Colombia will close its borders before and during protest marches later this week to prevent foreigners from fomenting violence, the country's migration authority announced late Tuesday. The frontiers with Ecuador, Peru, Brazil and Venezuela will be closed until Friday morning. The government wants to "prevent foreigners from entering the national territory with the aim of disturbing the public order and security," said Christian Krueger Sarmiento, head of the migration authority.
President Ivan Duque's government is concerned that Colombia could see violence similar to that in Bolivia, Chile and Ecuador, where dozens of people have been killed in protests since last month. Duque has expressed concern that Venezuelan President Nicolas Maduro's government could send agitators to the rallies. Colombia has now refused entry to two Venezuelans and expelled nine, bringing to 24 the total number of Venezuelans who have been ordered to leave over the past weeks, the migration authority said.

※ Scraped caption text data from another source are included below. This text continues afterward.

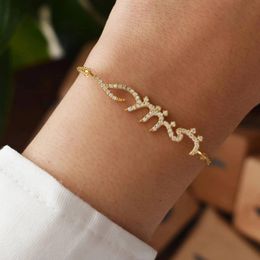 Bracelets Custom Arabic Name Bracelet With Diamond Islamic Jewelry Personalized Gold Arabic Love Statement Bangle Stainless Steel Bracelet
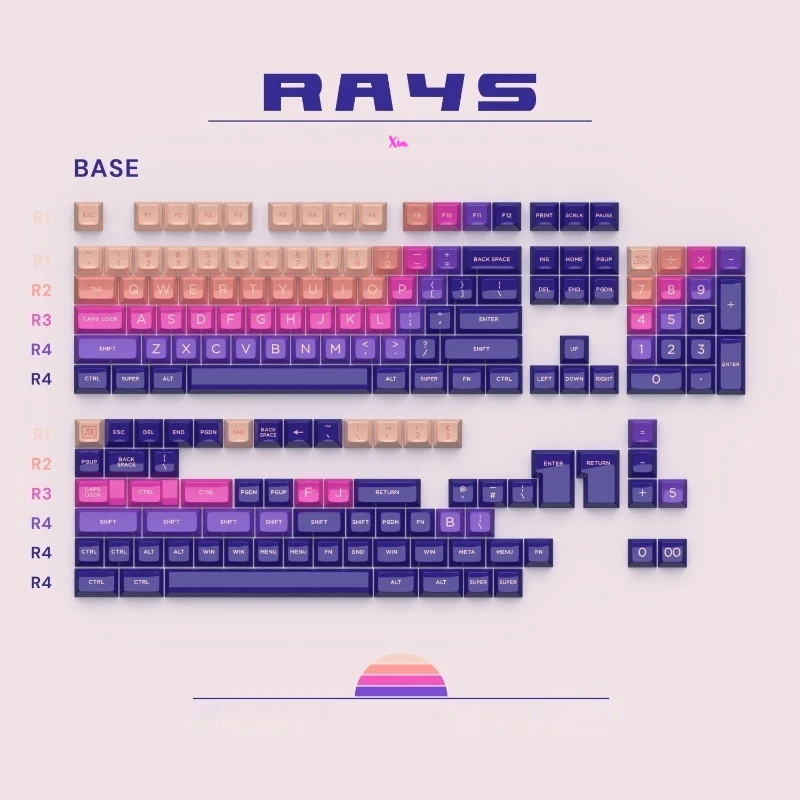 Synthuwave Funk Outrun Rays Hsa Customized Color For Two Color Mechanical Keyboard Keycaps Buger Design  Nina Automatic Call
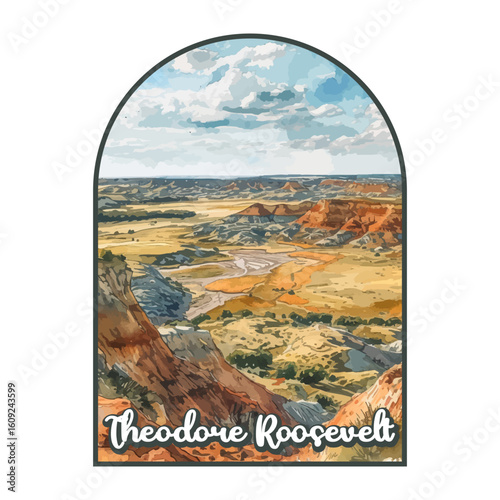 Theodore Roosevelt National park, Retro National park, United States of America National Park, national park service	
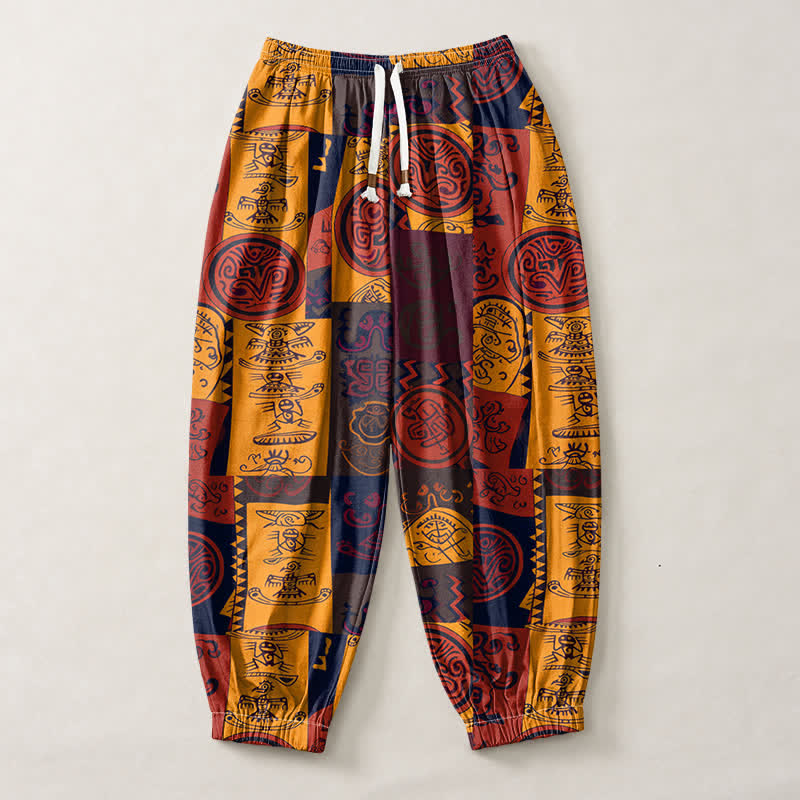 Buddha Stones Pantalon harem pour homme en pur coton, à motif patchwork médaillon tribal et cordon de serrage, avec poches - image 1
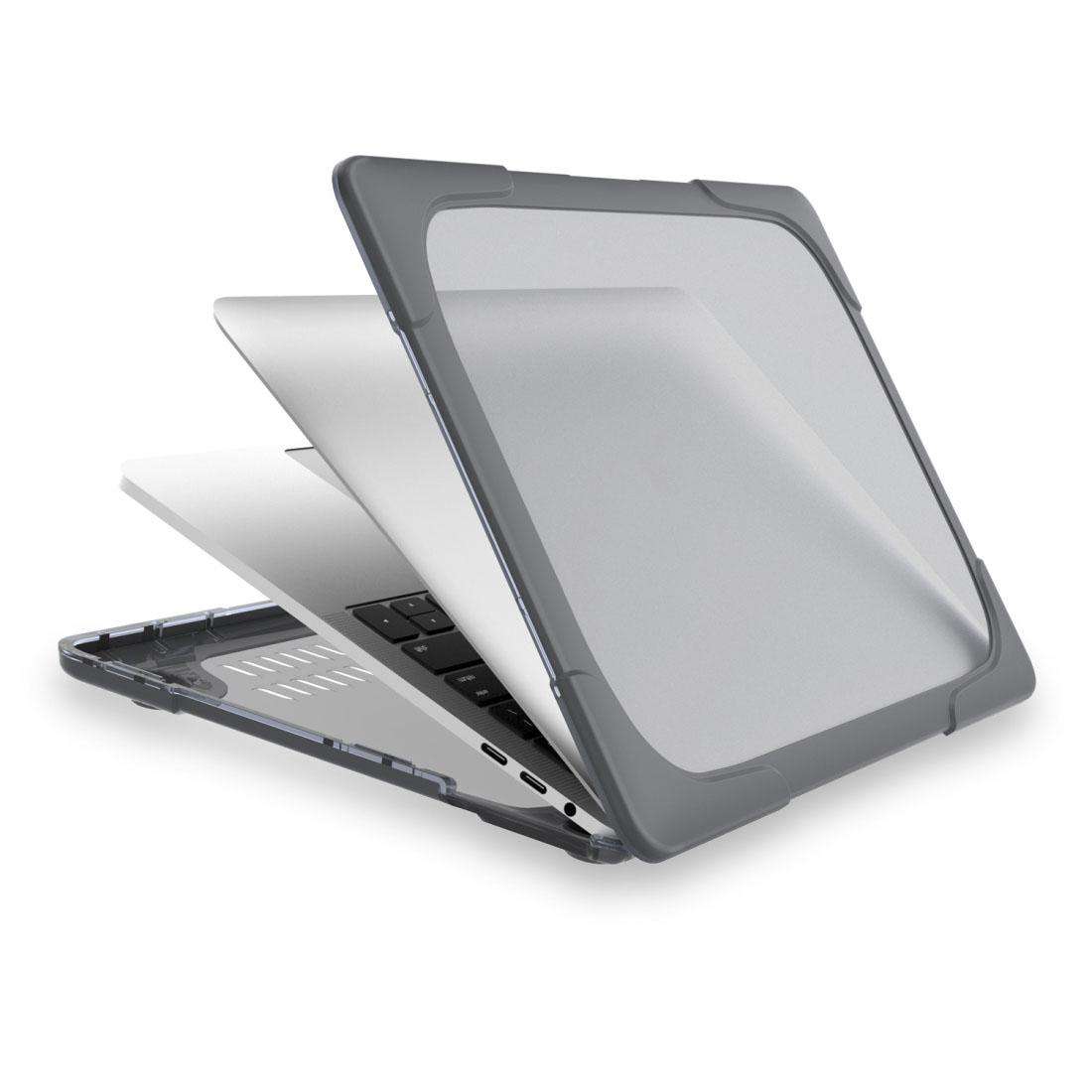 For Macbook Pro 13.3 inch (A1708) & with Touchbar (A1706) Laptop TPU + PC Folding Shock ... (Grey)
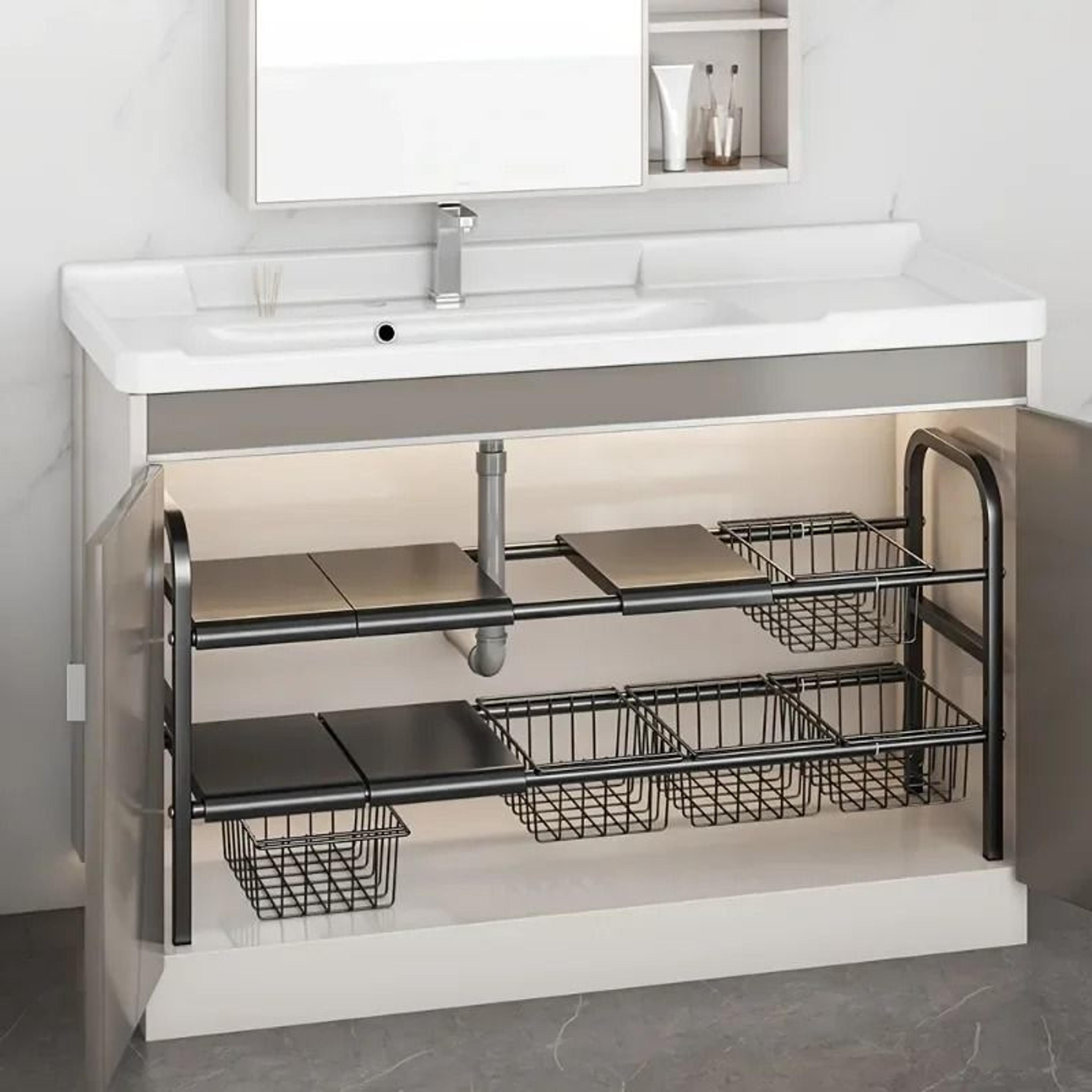 MultiUse Expandable UnderSink Organizer  Adjustable Cabinet Storage Shelf 4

Trade unions and other groups have called nationwide marches to protest against pension and labor reforms allegedly planned by the government, universities' funding shortages and the killings of community leaders by armed groups. People planning to attend the protests also accuse the government of not fully implementing the 2016 peace deal with the guerrilla movement FARC. The government on Monday announced security measures including permission to governors and mayors to declare curfews in their areas. Colombia is on icy terms with Maduro after having recognized opposition leader Juan Guaido as Venezuela's interim president. Bogota also accuses Caracas of hosting Colombian armed groups.